Globally, Up to 70% of women report having experienced physical and/or sexual violence and up to 50% of sexual assaults are committed against girls under the age of 16. In the face of such unacceptable figures, the international community is strongly committed to improve the situation of women. “We must not allow this attention to fade”, UN High Commissioner for Human Rights Ms. Navi Pillay says in her message for International Women’s Day. “Each country will need to find its own response to ensure accountability for sexual and gender-based crimes”.

Governments and international organizations need to seek “integrated approaches that bring together governments, civil society organizations, law enforcement and judicial systems, to ensure that victims have access to legal services, justice systems and support, and that perpetrators are punished”, notes UNDP Administrator Ms. Helen Clark in her message for the day.

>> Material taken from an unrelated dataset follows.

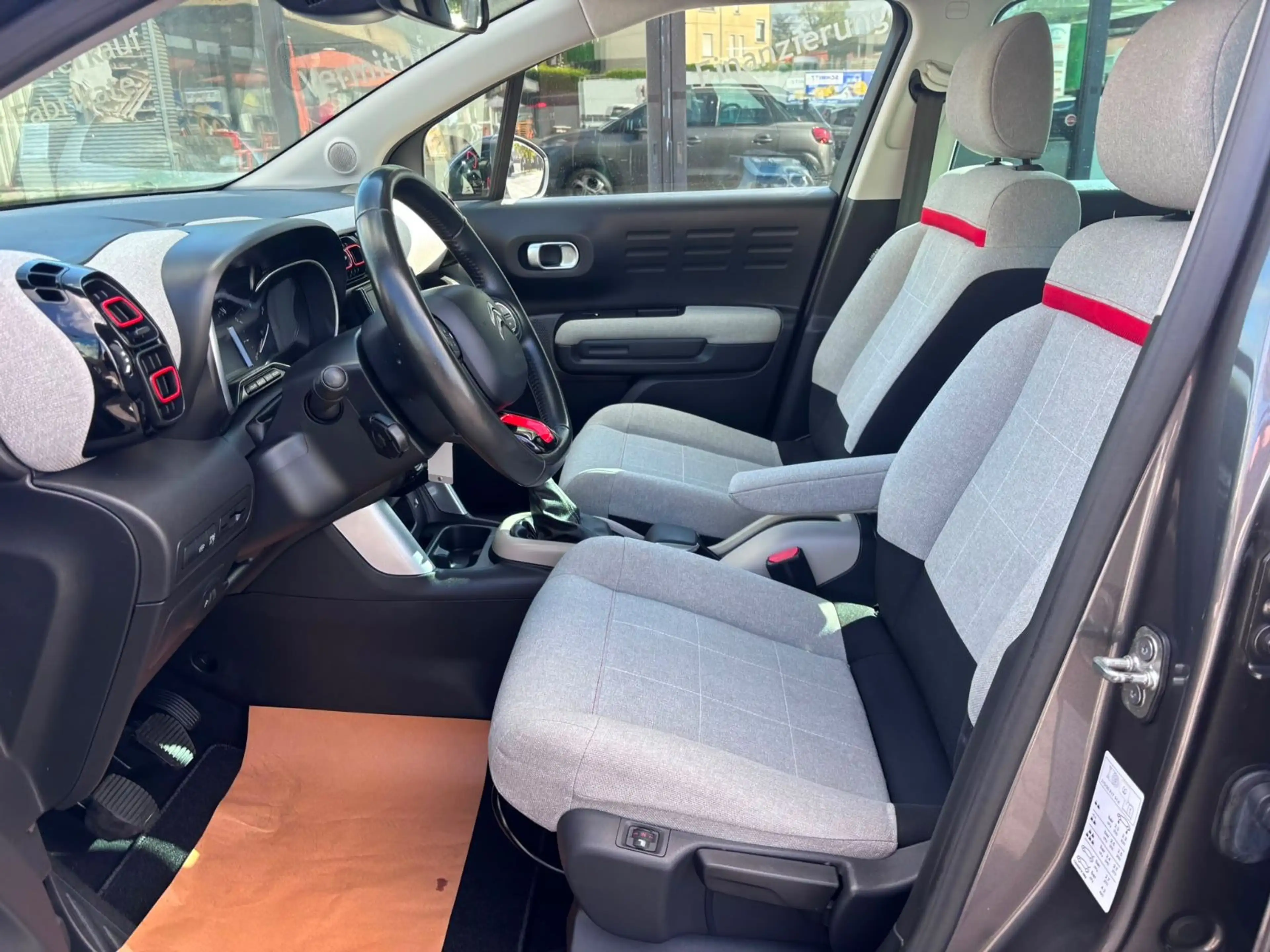 Citroen C3 Aircross Shine **NAVI*KLIMA*SHZ*2-HAND** — photo 11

By 2015, the UNiTE campaign aims to adopt and enforce national laws to address and punish all forms of violence against women and girls, adopt and implement multi-sectoral national action plans, increase public awareness and social mobilization, strengthen data collection on the prevalence of violence against women and girls and address sexual violence in conflict in all countries.

UNFPA Executive Director, Dr. Babatunde Osotimehin, also used this opportunity to renew UNFPA’s commitment “to do everything we can to bring an end to gender-based violence. Gender-based violence remains a major health and human rights concern and no human development can be achieved as long as women and girls continue to suffer from violence or live in fear of it”.

As action in this front is needed to bridge the gap between the law and reality, many UN agencies including UNFPA, UN Women, UNDP and WHO urge ratification of the Council of Europe’s Istanbul Convention on preventing and combatting violence against women and domestic violence. This Convention provides an excellent framework for committing governments to act against all forms of gender-based violence. A total of 25 Council of Europe member states, including our country, have already signed the convention and three of them (Albania, Portugal and Turkey) have ratified it.

All around the world, people will mark International Women’s Day to acknowledge progress on gender equality and to challenges and problems women and girls face on daily basis.

In Skopje, from 8-10 March 2013, UN Women is organising the fourth edition of “Women’s Rights Nights”, a series of events traditionally organized in the capital to mark International Women’s Day.  This year, selected documentary films and thematic discussions will be focused on the representation of women in media.  The events will explorethe impact ofmedia  in reinforcing gender roles and stereotypes, the ways in which itcan incite violence against women, but also how  the emergence of non-traditional media can empower women and present them with an opportunity to tell their story.